Beauvoir dice que Sartre se puso pálido al oír esto, pero lo está dramatizando, presentándolo de tal modo que parece que no hubieran oído hablar nunca de la fenomenología. En realidad sí que habían intentado leer un poco a Heidegger. Una traducción de su conferencia «¿Qué es la metafísica?» había aparecido en el mismo número del periódico Bifur que un ensayo temprano de Sartre en 1931. Pero, escribía ella, «como no entendimos ni una palabra, no vimos realmente su interés». Entonces sí que le veían el interés: era una forma de hacer filosofía que la reconectaba con la experiencia normal, vivida.
Jean-Paul Sartre and Simone de Beauvoir, c.1945 ( Bridgeman Images/Age Fotostock )
Estaban más que dispuestos para ese nuevo comienzo. En el colegio y en la universidad, Sartre, Beauvoir y Aron habían pasado por el austero plan de estudios de la filosofía francesa, dominada por cuestiones de conocimiento e interminables reinterpretaciones de las obras de Immanuel Kant. Las cuestiones epistemológicas se abrían una hacia la otra como los giros de un caleidoscopio que diera vueltas, volviendo siempre al mismo punto: creo que sé algo, pero ¿cómo puedo saber que sé lo que sé? Era todo muy difícil, pero fútil, y los tres estudiantes (aunque sacaban notas excelentes en los exámenes) se sentían insatisfechos, Sartre el que más. Tras licenciarse insinuó que estaba incubando una nueva «filosofía destructiva», pero se mostró poco definido acerca de la forma que tomaría, por la sencilla razón de que él mismo no lo tenía claro. Apenas la había desarrollado, aparte de un espíritu general de rebelión. Ahora, parecía que otras personas la tenían antes que él. Si Sartre se puso blanco ante las noticias de Aron sobre la fenomenología, probablemente fue por resentimiento, tanto como por emoción.

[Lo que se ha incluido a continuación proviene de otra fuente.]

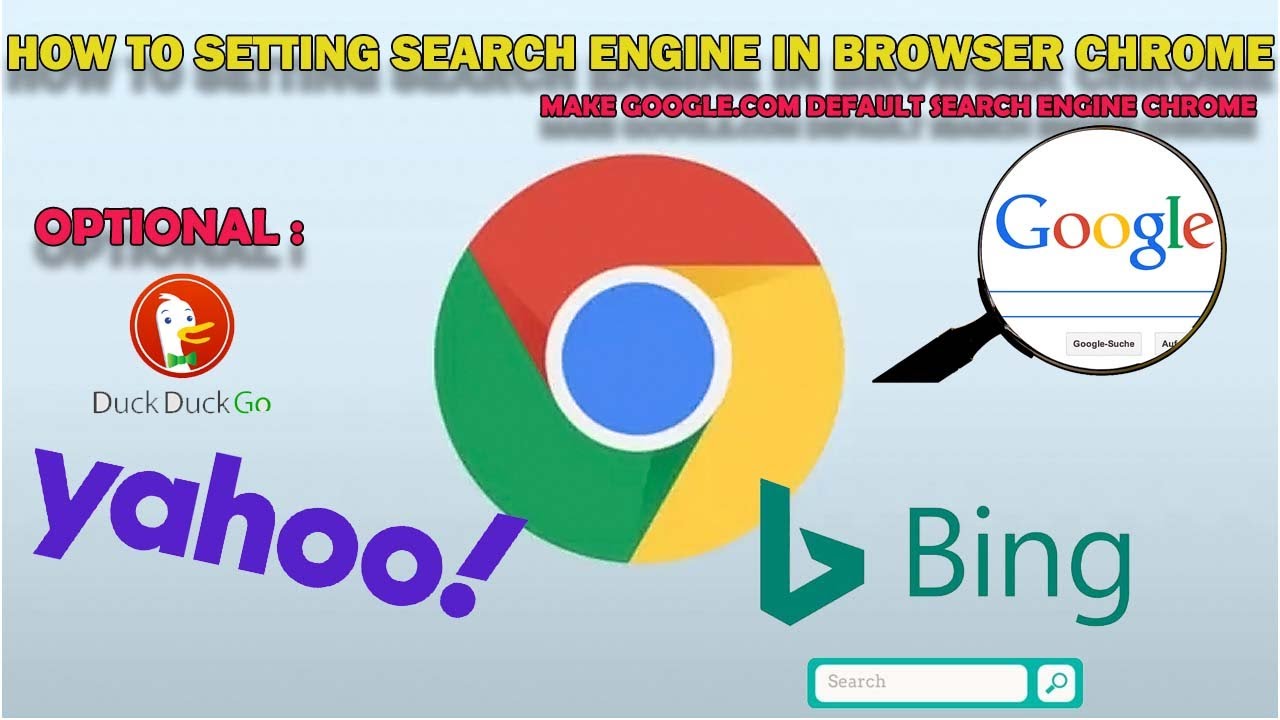 make google search engine chrome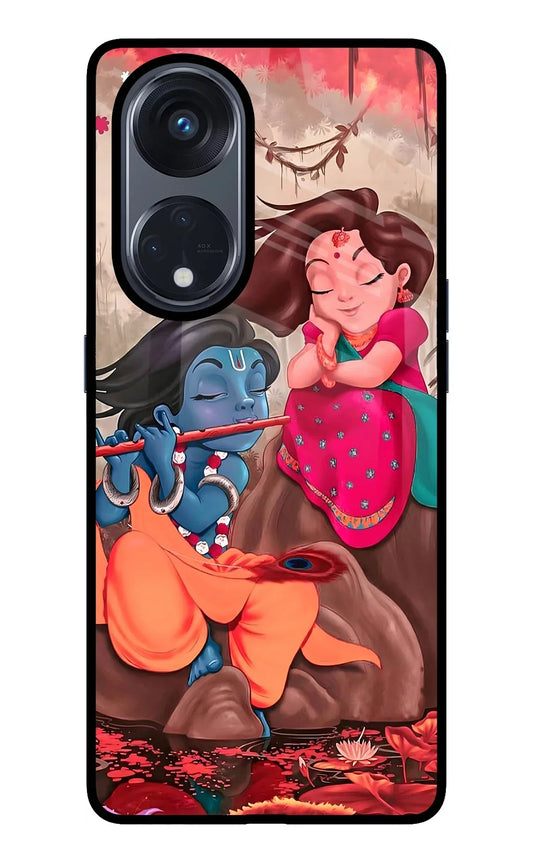 Radhe Krishna Oppo Reno8 T 5G Back Cover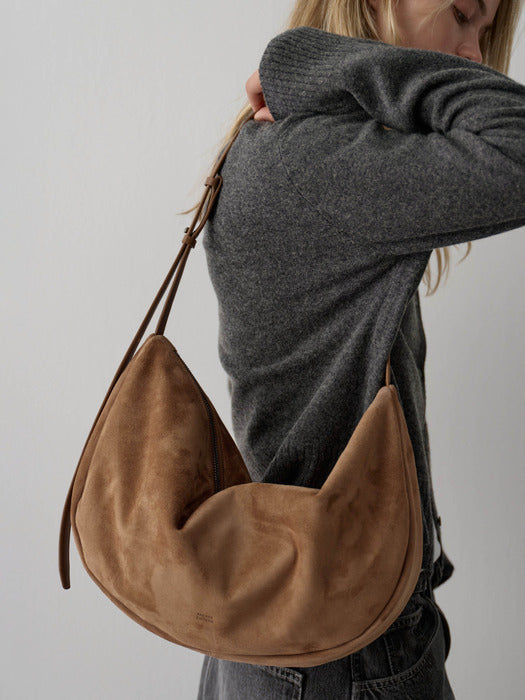 Facade Pattern Suede Todie Bag toast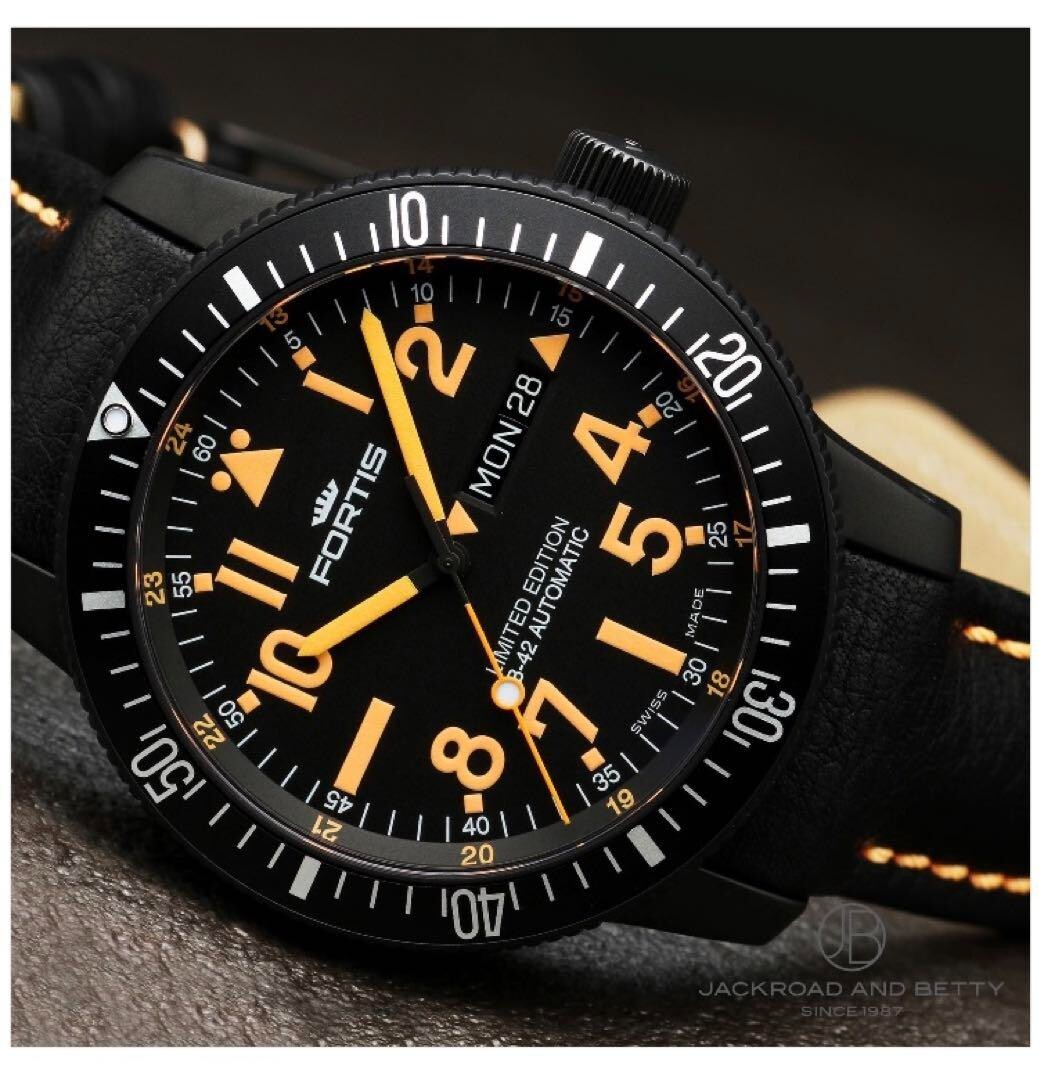 fortis b 42 black & black limited edition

En cualquier caso nunca se olvidó de ese momento, y lo comentó en una entrevista, cuarenta años después. «Le aseguro que aquello me dejó anonadado.»
Then felt I like some watcher of the skies,
When a new planet swims into his ken;
Or like stout Cortez when with eagle eyes
He star’d at the Pacific —and all his men
Look’d at each other with a wild surmise—
Silent, upon a peak in Darien
Sartre no tenía ojos de águila y no se le daba bien quedarse en silencio, pero ciertamente, estaba lleno de incertidumbres. Aron, viendo su entusiasmo, sugirió que viajase a Berlín al otoño siguiente para estudiar en el instituto francés que había allí, igual que había hecho él. Sartre podía estudiar el idioma alemán, leer las obras de los fenomenólogos en su idioma original y absorber su energía filosófica allí mismo.
Los nazis acababan de llegar al poder, y 1933 no era precisamente el año más indicado para trasladarse a Alemania. Pero era un buen momento para que Sartre cambiase la dirección de su vida. Estaba aburrido de enseñar, aburrido de lo que había aprendido en la universidad, y decepcionado por no haberse transformado todavía en el autor de genio que esperaba llegar a ser desde la niñez. Para escribir lo que quería (novelas, ensayos, todo) sabía que primero debía vivir aventuras. Había fantaseado con trabajar con estibadores en Constantinopla, meditar con los monjes del monte Atos, merodear con los parias en la India y enfrentarse a las tempestades con los pescadores de la costa de Terranova. Por el momento, no enseñar a niños en Le Havre ya era una aventura suficiente.